Correlation Between Novatek Microelectronics and Orient Semiconductor
Can any of the company-specific risk be diversified away by investing in both Novatek Microelectronics and Orient Semiconductor at the same time? Although using a correlation coefficient on its own may not help to predict future stock returns, this module helps to understand the diversifiable risk of combining Novatek Microelectronics and Orient Semiconductor into the same portfolio, which is an essential part of the fundamental portfolio management process.
By analyzing existing cross correlation between Novatek Microelectronics Corp and Orient Semiconductor Electronics, you can compare the effects of market volatilities on Novatek Microelectronics and Orient Semiconductor and check how they will diversify away market risk if combined in the same portfolio for a given time horizon. You can also utilize pair trading strategies of matching a long position in Novatek Microelectronics with a short position of Orient Semiconductor. Check out your portfolio center.
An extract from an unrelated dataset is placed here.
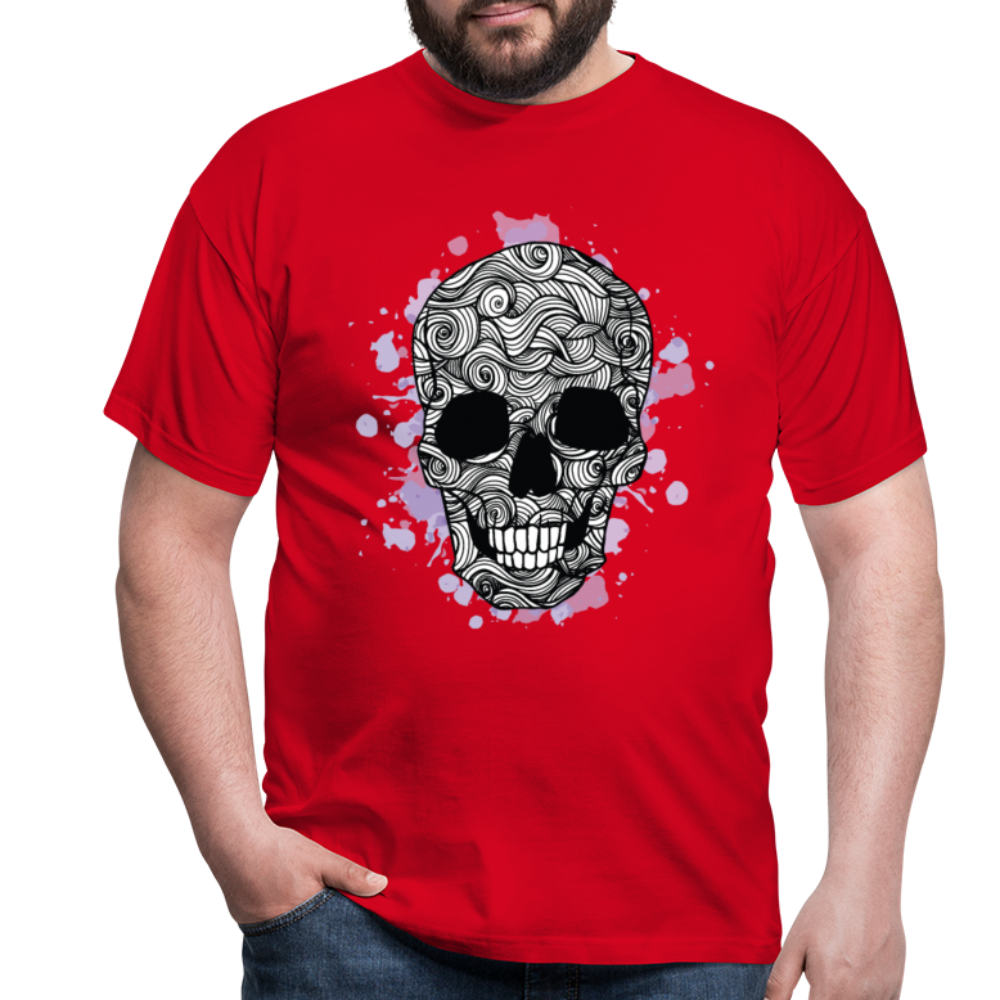 Dunkle Eleganz: Totenkopf- Herren T-Shirt für wahre Gothic-Fans - Rot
Please also check ongoing floating volatility patterns of Novatek Microelectronics and Orient Semiconductor.
Diversification Opportunities for Novatek Microelectronics and Orient Semiconductor
0.8 | Correlation Coefficient |
Very poor diversification
The 3 months correlation between Novatek and Orient is 0.8. Overlapping area represents the amount of risk that can be diversified away by holding Novatek Microelectronics Corp and Orient Semiconductor Electroni in the same portfolio, assuming nothing else is changed. The correlation between historical prices or returns on Orient Semiconductor and Novatek Microelectronics is a relative statistical measure of the degree to which these equity instruments tend to move together. The correlation coefficient measures the extent to which returns on Novatek Microelectronics Corp are associated (or correlated) with Orient Semiconductor. Values of the correlation coefficient range from -1 to +1, where. The correlation of zero (0) is possible when the price movement of Orient Semiconductor has no effect on the direction of Novatek Microelectronics i.e., Novatek Microelectronics and Orient Semiconductor go up and down completely randomly.
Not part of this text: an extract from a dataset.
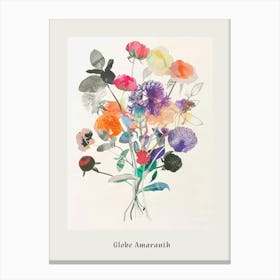 Globe Amaranth Collage Flower Bouquet Poster Canvas Print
Pair Corralation between Novatek Microelectronics and Orient Semiconductor
Assuming the 90 days trading horizon Novatek Microelectronics Corp is expected to generate 0.46 times more return on investment than Orient Semiconductor. However, Novatek Microelectronics Corp is 2.15 times less risky than Orient Semiconductor. It trades about -0.08 of its potential returns per unit of risk. Orient Semiconductor Electronics is currently generating about -0.07 per unit of risk. If you would invest 52,200 in Novatek Microelectronics Corp on September 21, 2024 and sell it today you would lose (3,550) from holding Novatek Microelectronics Corp or give up 6.8% of portfolio value over 90 days.
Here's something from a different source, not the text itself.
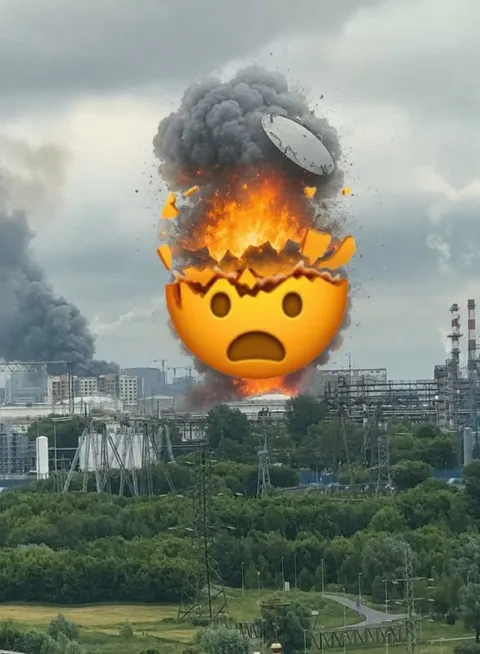 Взрывающаяся голова на фоне завода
Time Period | 3 Months [change] |
Direction | Moves Together |
Strength | Strong |
Accuracy | 100.0% |
Values | Daily Returns |
Novatek Microelectronics Corp vs. Orient Semiconductor Electroni
Performance |
Timeline |
Novatek Microelectronics |
Orient Semiconductor |
Novatek Microelectronics and Orient Semiconductor Volatility Contrast
Predicted Return Density |
Returns |
Pair Trading with Novatek Microelectronics and Orient Semiconductor
The main advantage of trading using opposite Novatek Microelectronics and Orient Semiconductor positions is that it hedges away some unsystematic risk. Because of two separate transactions, even if Novatek Microelectronics position performs unexpectedly, Orient Semiconductor can make up some of the losses. Pair trading also minimizes risk from directional movements in the market. For example, if an entire industry or sector drops because of unexpected headlines, the short position in Orient Semiconductor will offset losses from the drop in Orient Semiconductor's long position.The idea behind Novatek Microelectronics Corp and Orient Semiconductor Electronics pairs trading is to make the combined position market-neutral, meaning the overall market's direction will not affect its win or loss (or potential downside or upside). This can be achieved by designing a pairs trade with two highly correlated stocks or equities that operate in a similar space or sector, making it possible to obtain profits through simple and relatively low-risk investment.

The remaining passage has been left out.